I’d like to thank the readers who took the time to respond to my letter concerning Obamacare. I’m sure it’s just coincidence, but two letters in Saturday’s paper used the word vitriol (or vitriolic).

Another response was from a young lady who wanted to set me straight about my so-called facts. She started by saying that President Obama delayed the employer mandate not to help Democrats facing re-election, but because businesses need more time to buy insurance. But the law is three years old; how long does it take?

She said the young adults she knows will buy insurance once the exchanges start; so my claim that young people won’t be paying into the insurance pool is false But that doesn’t make sense either, because “younger Americans will likely pay more on the exchanges” (I read FactCheck.org too).

She said insurance companies will do just fine with the new regulations; yet even the New York Times reports that “many insurers are significantly limiting the choices of doctors and hospitals available to consumers.”
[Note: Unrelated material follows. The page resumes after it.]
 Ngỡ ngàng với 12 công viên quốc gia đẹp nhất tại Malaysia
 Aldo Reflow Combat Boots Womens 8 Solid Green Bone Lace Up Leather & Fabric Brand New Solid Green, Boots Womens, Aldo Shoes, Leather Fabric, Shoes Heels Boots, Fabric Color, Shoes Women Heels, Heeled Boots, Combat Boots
And contrary to the fact-checkers, President Obama did exempt Congress from Obamacare; well, a tiny piece of it anyway. It all started when Republican Chuck Grassley offered an amendment, and Congress unwittingly approved it without reading it thoroughly. It turned out that they’d either have to pay their own premiums or go on Medicaid. What vitriol! But President Obama helped fix it. Whew!

The fear was, believe it or not, a “brain drain” in Congress.

— Steve Pender


Kudos to Landis workers

A big thank you to to Steve Rowland, Reed Linn and the good folks at Landis Public Works for covering the sudden loss of contracted garbage and recycling collections. When I got home from work last Monday, I knew something was wrong when I saw that the cans hadn’t been emptied. By 6 p.m., the town crews were on the move, “getting it done” before nightfall. They also collected recycling on Tuesday and handled this week’s Monday garbage collections.

In an era when government doesn’t work much of the time, the Town of Landis always comes through. I’m proud to be a resident, taxpayer and citizen of Landis.